*Exercise brief*.
Among the lines of data below, reproduce only those from the one with "Denim jacket with American flag patch." through the one with "Girlfriend eating popcorn", exactly as they stand, both ends included.

··· Input data

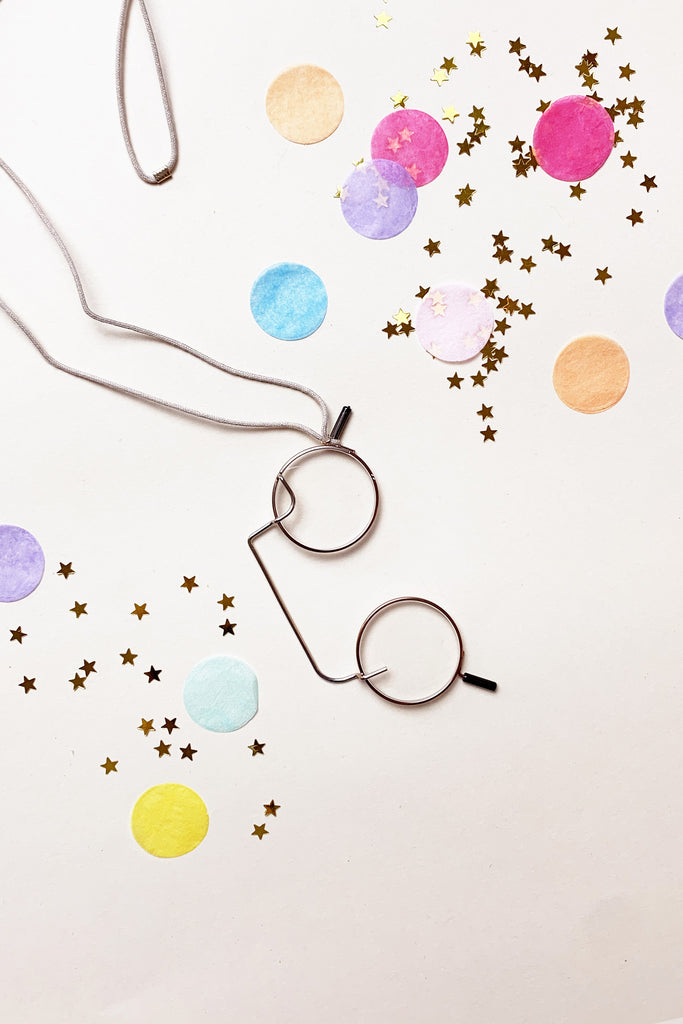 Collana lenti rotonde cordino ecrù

······
··· Input data

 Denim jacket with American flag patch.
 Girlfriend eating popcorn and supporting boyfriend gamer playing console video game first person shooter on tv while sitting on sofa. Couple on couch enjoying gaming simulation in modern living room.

······

*Written response*.
 Denim jacket with American flag patch.
 Girlfriend eating popcorn and supporting boyfriend gamer playing console video game first person shooter on tv while sitting on sofa. Couple on couch enjoying gaming simulation in modern living room.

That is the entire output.